日大アメフト部大麻問題は「僕が指導していたら起こっていない」悪質タックル問題の元監督・内田正人が主張する「学生主体」の落とし穴<Number Web> photograph by Yuki Suenaga

2024年度は公式戦不参加となった日本大学アメフト部。大麻問題により廃部がきまった古巣の失敗の本質は「間違った学生主体」にあると、元監督は主張する

 間違った学生の自主性とか、学生ファーストが今回の件の引き金じゃないですかね。試合中ケンカみたいになったとか、相手をケガさせたとかなら監督同士の話し合いでなんとかなると思うけど、大麻に限ってはもう警察行くしかないじゃないですか。すぐに警察に突き出せばよかったんですよ。そうすれば、逮捕ということまでにはならなかったと思うんですよ。
 警察に指導してもらえば本人も薬物を辞めるチャンスになったと思います。それが変に自主性とか、学生を守るとかいう方向で動き出して、結局学生の将来をダメにしてしまった。自主性というのもわかるんだけれど、自主性の前にルールだと思うんですよ。

学生の自主性にまかせてばかりでいいのか

――昨年夏の甲子園では慶應義塾高校が優勝しました。あのチームは自主性を打ち出していたように思います。
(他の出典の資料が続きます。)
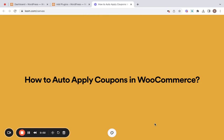Hey guys, welcome to this video. I'm delighted that you have joined me today. In this tutorial, I will be showing you how to easily auto-apply coupons in WooCommerce.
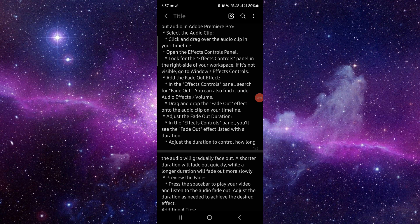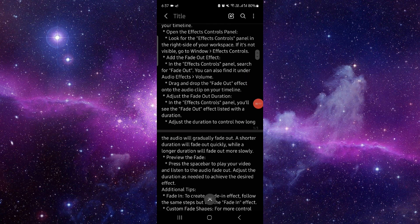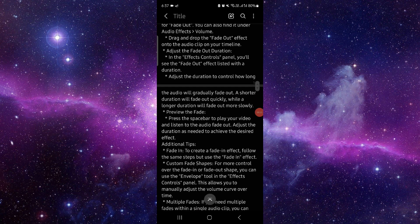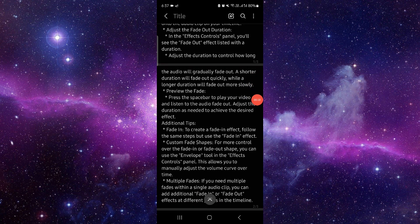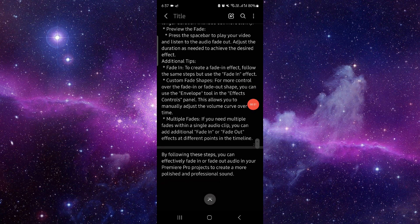Select the audio clip, then open your Effect Controls. Here you can select the fade out effect, then you can see the preview of the fade out.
 競技成績が良い子が揃っていたら、それでもいけるかもしれない。でも、それだったら例えばドラマにもなった『下剋上球児』みたいなチームって生まれないですよ。
 スポーツをやる権利って平等じゃないですか。下手でも頑張って日本一になる門戸を開いておくべきなのに、自主性というスローガンにどの学校も寄っていくことでそれが閉ざされていく方向にあると思っています。将来を約束されたエリートの子はいいかもしれません。でも、一般家庭に育って、まだ下手だけどオリンピックに出たいんだという子もいるわけじゃないですか。そういった子が厳しい指導を受けながらも叩き上げで成長していくというスタイルがなくなり、エリート選手やそういった選手を集めた学校しか勝っていけなくなる。子ども自体の数も少なくなっていって、エリートでできたチームと叩き上げで出来たチームの差がどんどん広がると思いますよ。今回の大麻問題といい、学生の自主性にまかせてばかりでいいのか、そろそろ考え直す時期に来ているんではないか、というのが私の思いです。